心膜液は通常、リンパ液を主体とした淡黄色の透明な液体です。貯留した心膜液の性状により漏出性(うっ血性心不全、低アルブミン血症などが原因)、滲出性(心膜炎などが原因)あるいは血液性(腫瘍性、特発性など)に分けられます。心タンポナーデの原因としては血管肉腫などの腫瘍性のものが多いといわれています。また、特発性心膜水貯留(※)はゴールデン・レトリーバーやジャーマン・シェパードなどが好発犬種といわれています。
※特発性とは原因が不明なものをいいます。

症状

症状は心膜液貯留の量や速度、また心膜の伸展性によって異なりますが、元気消失、運動不耐性、食欲不振、咳などがみられます。また、頻度は多くはありませんが、呼吸困難、頻呼吸、衰弱、失神や体重減少が観察される場合もあり、貯留が急速に起こったときにはショック状態を起こすこともあります。

治療

心膜液の貯留の程度や速度を考慮した上で、心膜穿刺(しんまくせんし:針などを刺して心膜液を抜くこと)によって定期的に心膜液を除去する必要があります。急速に貯留する場合や数か月から数年間、再発がない場合もあるので、症状に応じて適宜行う必要があります。
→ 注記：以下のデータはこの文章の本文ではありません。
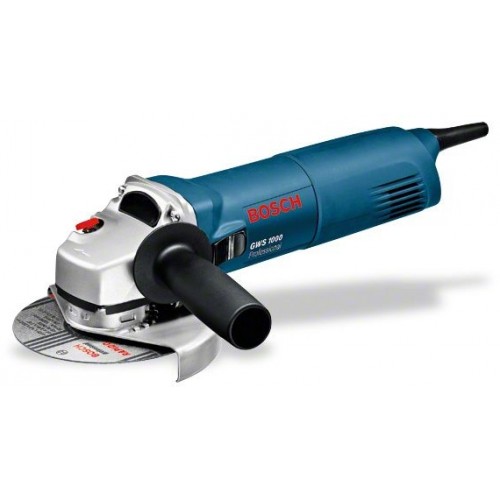 BOSCH GWS 1000 Uhlová brúska 125 mm0.601.821.800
また抗菌剤や消炎剤などの内科療法を併用することもあります。長期的な心膜水貯留の緩和および根治的治療としては、外科的に心膜切除術が必要になります。原因疾患がある場合にはその治療も行います。

予防

腫瘍によるもの、あるいは特発性に心膜水が貯留することも多いため、具体的な予防策はありませんが、早期に適切な処置を行うことが肝要です。早期発見・早期治療のためには、定期的に健康診断を受けることも大切です。また運動をすると疲れやすい、咳がでる、呼吸の異常など、気になる症状がみられた場合は、早めに動物病院にご相談ください。